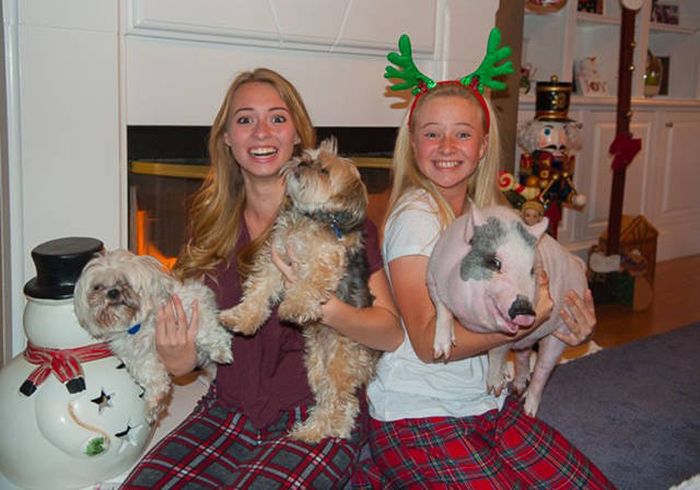 Daily Pictures. Part 2 (62 pics)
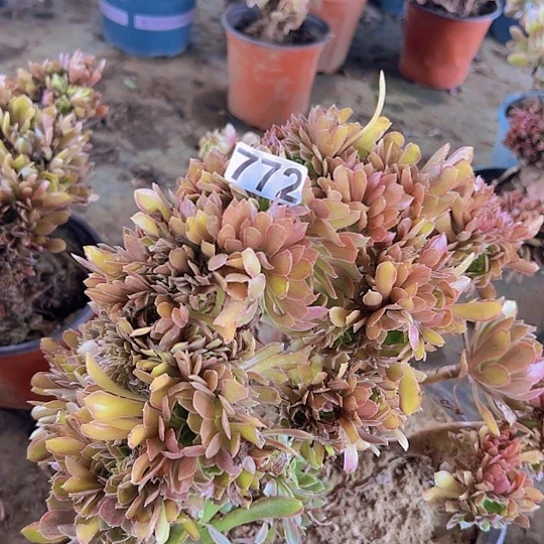 玲***品多肉植物一个法师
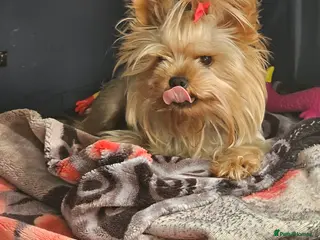 Yorkshire Terrier dogs YORKSHIRE TERRIER 🐶FULL KC REG.🐶 - Advert 17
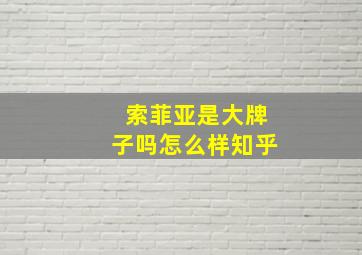 索菲亚是大牌子吗怎么样知乎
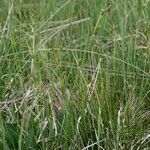 Carex hostiana आदत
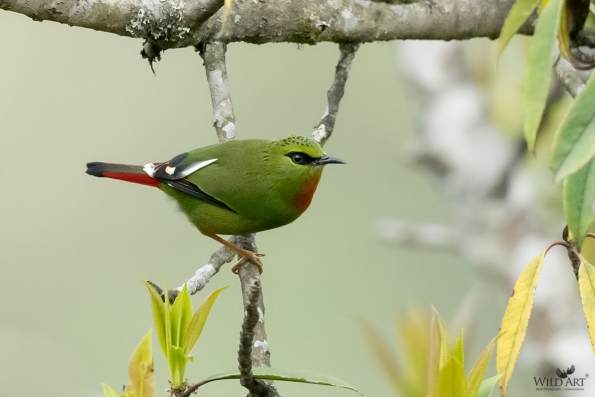 Sylviid Babblers (Sylviidae)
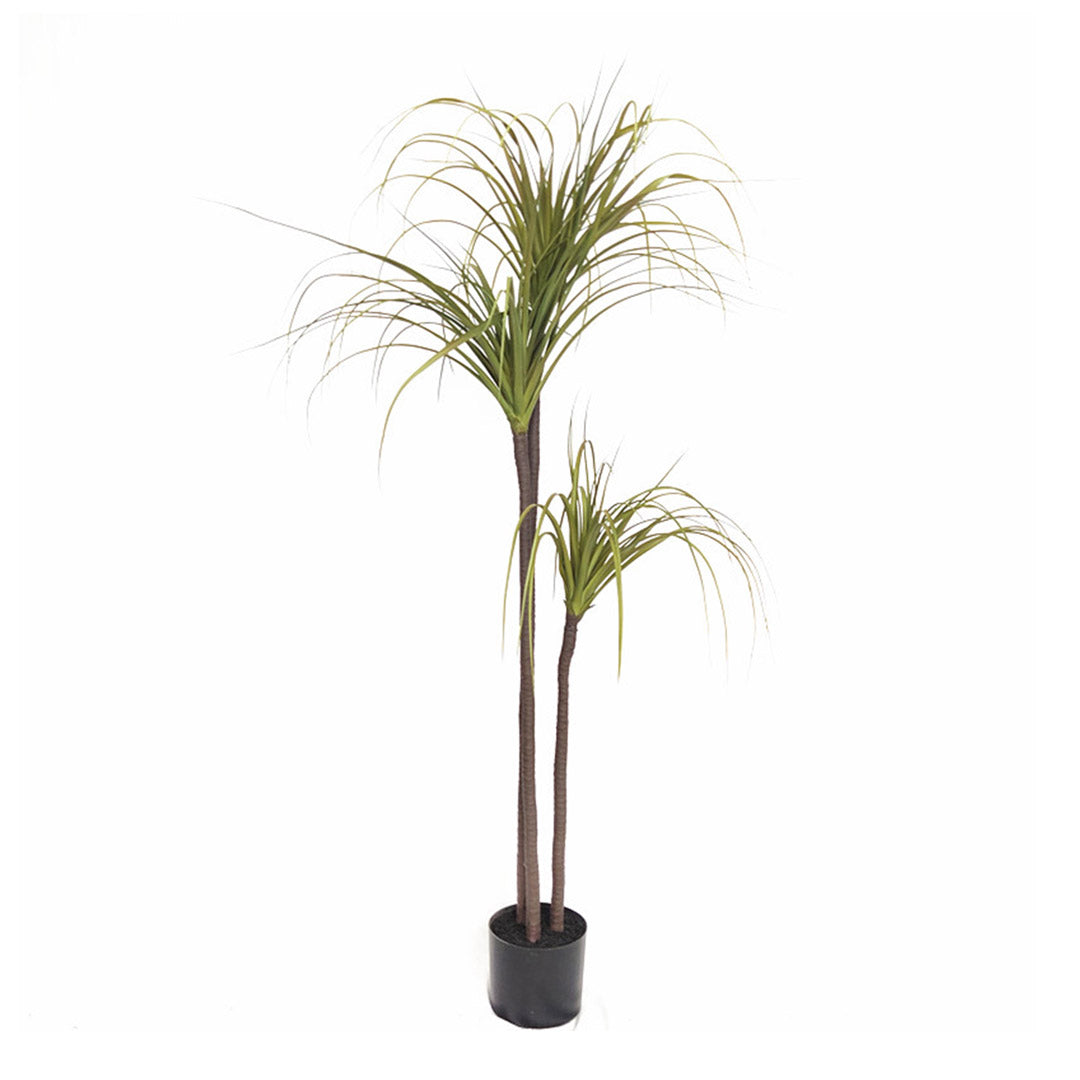 Artificial Dracaena Plant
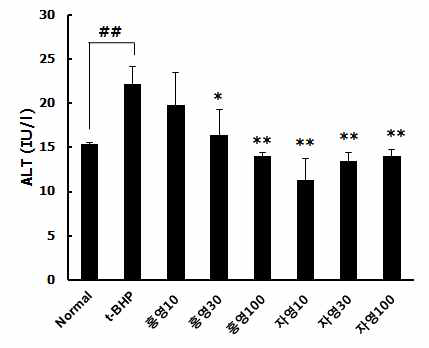 t-BHP 처리 동물모델에서 홍영, 자영 안토시아닌 분획물의 ALT 분석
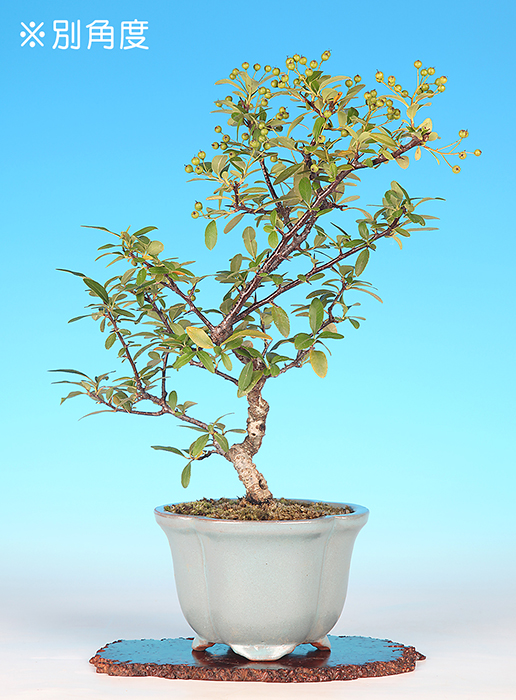 お買い得盆栽 | 盆栽、盆栽書籍、盆栽鉢の通販│近代出版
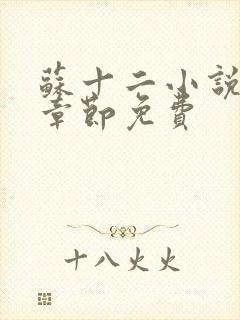 苏十二小说最新章节免费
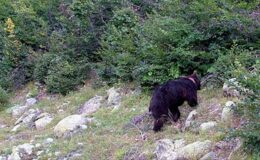 Koyulhisar’da Ayı Saldırısı: Kadın Hastaneye Kaldırıldı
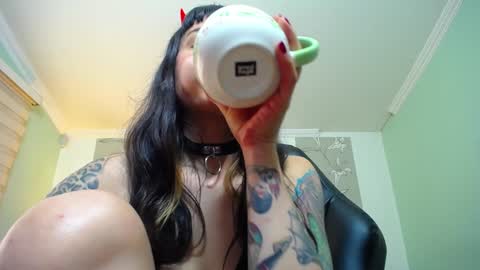 Kitten online show from January 2025 02:30:02 PM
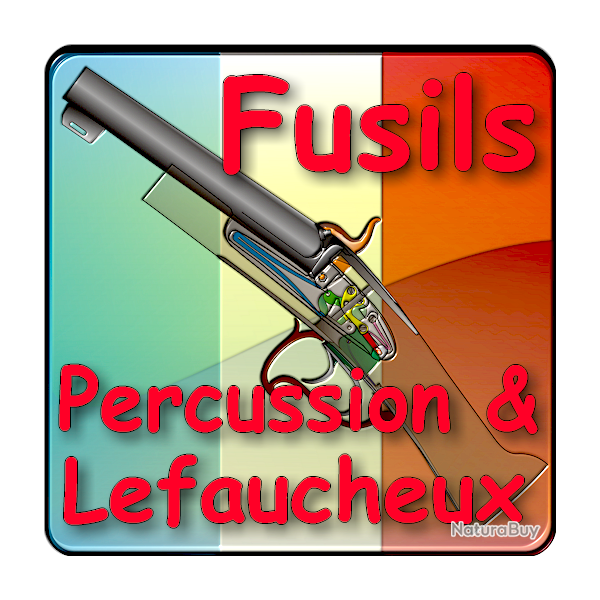 Les fusils de chasse Lefaucheux expliqu�s - ebook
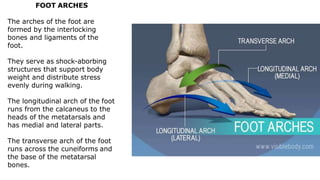 FOOT ARCHES
The arches of the foot are
formed by the interlocking
bones and ligaments of the
foot.
They serve as shock-aborbing
structures that support body
weight and distribute stress
evenly during walking.
The longitudinal arch of the foot
runs from the calcaneus to the
heads of the metatarsals and
has medial and lateral parts.
The transverse arch of the foot
runs across the cuneiforms and
the base of the metatarsal
bones.
 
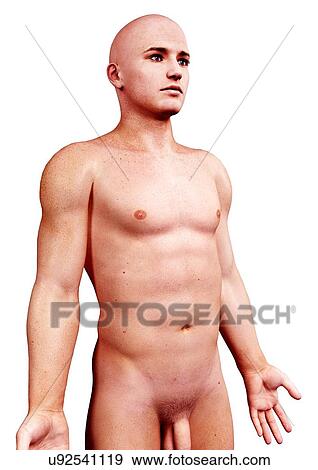 Male anatomy, artwork View Large Illustration Stock Illustration - Male anatomy, artwork. Fotosearch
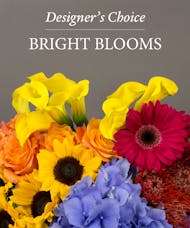 Bright Blooms - Designers Choice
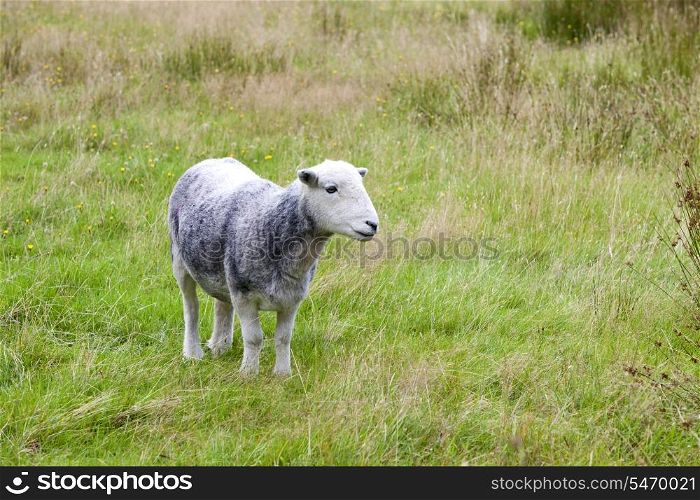 Young sheep on pastured land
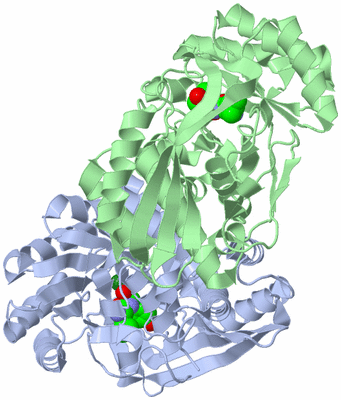 Image Biological Unit 9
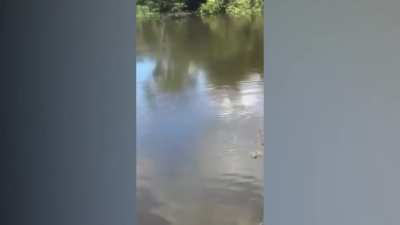 esse vídeo é lindo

EXERCISE DIRECTIONS:
Look through the material above and pick out each line holding the word "runs".

TASK RESULT:
runs from the calcaneus to the
runs across the cuneiforms and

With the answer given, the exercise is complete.